![Parmi les familles professionnelles qui vieillissent le plus, figurent les enseignants, constate l'Insee.](https://static.latribune.fr/full_width/2394121/baisse-de-la-population-active-en-normandie.jpg)
C'est un signal d'alarme que les chefs à plumes normands auraient tort de prendre à la légère. Dans une étude réalisée en partenariat avec le conseil régional, l'Insee montre que la Normandie pourrait perdre près de 300.000 actifs à un horizon de trente ans (-13%). Davantage en proportion que dans toutes les autres régions de la France métropolitaine, y compris dans le Grand Est et la Bourgogne-Franche-Comté qui, elles aussi, devraient accuser un recul supérieur à 10%.
Pour arriver à ce résultat, les statisticiens ont prolongé les tendances actuelles en combinant les trois facteurs qui font varier le nombre de personnes en âge de travailler : les entrées et sorties du marché du travail, le taux d'activité et les migrations résidentielles. Autrement dit, les changements de lieux d'habitation. C'est sur ce dernier point, par nature compliqué à anticiper, que la situation de la Normandie diffère le plus de celle de ses devanciers.
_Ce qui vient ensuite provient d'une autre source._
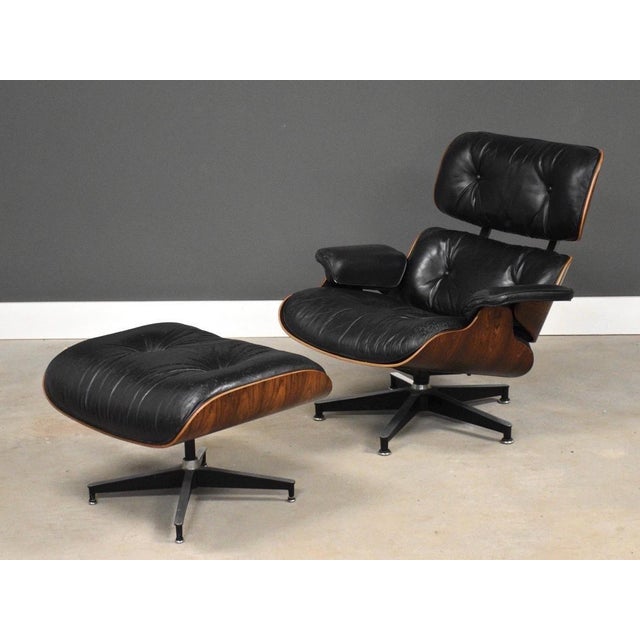A mid century modern black leather lounge chair and ottoman with Brazilian rosewood shells designed by Charles and Ray...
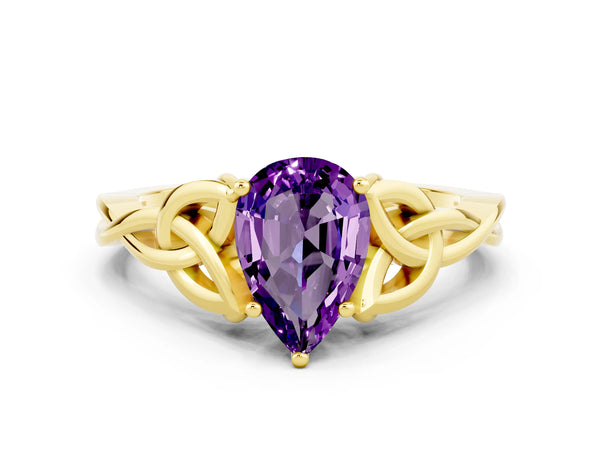 Yellow gold Pear Cut Amethyst Solitaire Engagement Ring with Celtic Knot Band and Four-Prong Setting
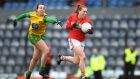 Ashling Hutchings of Cork gets away from Donegal’s  Nicole McLaughlin during the Lidl Ladies NFL Division 1  match  at Páirc Uí Rinn. Photograph: Eóin Noonan/Sportsfile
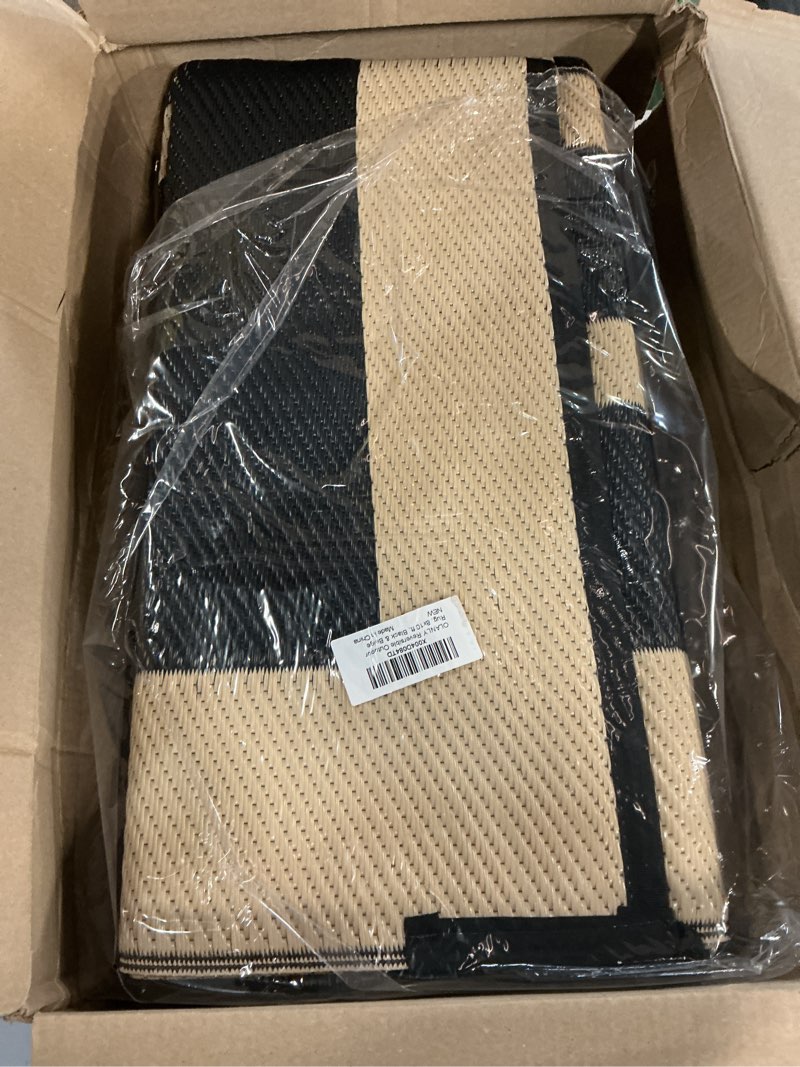 Condition photo showing Good Condition for olanly outdoor rug 8x10 ft waterproof, reversible outdoor plastic straw rug, rv mat, indoor outdoor carpet clearance for patio, camping, balcony, deck, backyard, black & beige 8' x 10' black & beige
Plus de départs que d'arrivées
Les projections de l'Insee montrent que si la pente perdure, le nombre d'actifs partants restera nettement supérieur à celui des entrants, alors que l'écart est plus faible dans le Grand Est et en Bourgogne-Franche-Comté. L'écart est encore plus marqué avec les régions situées sous la Loire, comme l'Occitanie et l'Aquitaine dont le magnétisme ne semble pas devoir se démentir d'ici 2050. En clair, à moins d'une inversion de la courbe, la Normandie continuera « d'exporter » vers l'Ouest ou le Sud plus de bras et de cerveaux qu'elle n'en « importe ».
Pour autant, les estimations varient sensiblement entre ses cinq départements. Les plus peuplés, Seine-Maritime et Calvados, devraient parvenir à contenir la baisse de leur population active autour de 8%, grâce au dynamisme des bassins d'emplois de Rouen et de Caen.
En revanche, l'Orne, la Manche et l'Eure, trois territoires à forte dominante industrielle, pourraient accuser un recul d'environ 20%, faisant craindre un fort déséquilibre entre les besoins de l'appareil productif et la main-d'œuvre disponible. Enfin en volume, ce sont les agglomérations du Havre, d'Evreux et de Cherbourg qui pourraient être confrontées aux coupes les plus importantes : de l'ordre de 20.000 actifs de moins pour chacune à un horizon de 25 ans.
12 professions qui se font des cheveux blancs
S'agissant des métiers, la Normandie devra se montrer particulièrement attentive au renouvellement des générations au sein de douze familles professionnelles. C'est notamment le cas chez les cadres et les professions intermédiaires de la fonction publique, les cadres des services administratifs, comptables et financiers, les assistantes maternelles, mais surtout, des enseignants.
Au nombre de 50.000, ceux-ci présentent un indice de vieillissement préoccupant supérieur à 8.
« Cela signifie qu'il y a 8 fois plus d'enseignants âgés de plus de 55 ans que de moins de 55 ans », décrypte Camille Hurard, auteur de l'étude. A l'Insee, on admet que ce curseur sera compliqué à faire évoluer. « Il faut des chocs pour les que les choses changent ».
Reste pour les Normands à espérer que la barre se redresse grâce à des politiques publiques volontaristes en terme d'attractivité, de natalité, d'enseignement supérieur, de qualité de vie, voire d'immigration étrangère. L'infléchissement de la courbe pourrait aussi venir de facteurs moins maitrisables telles que les modifications du climat, comme le souligne le directeur régional de l'Insee. « L'aléa climatique pourrait jouer en faveur de la Normandie », risque Philippe Scherrer. En 2023, la région a enregistré un solde migratoire positif avec plus 5.000 nouveaux arrivants.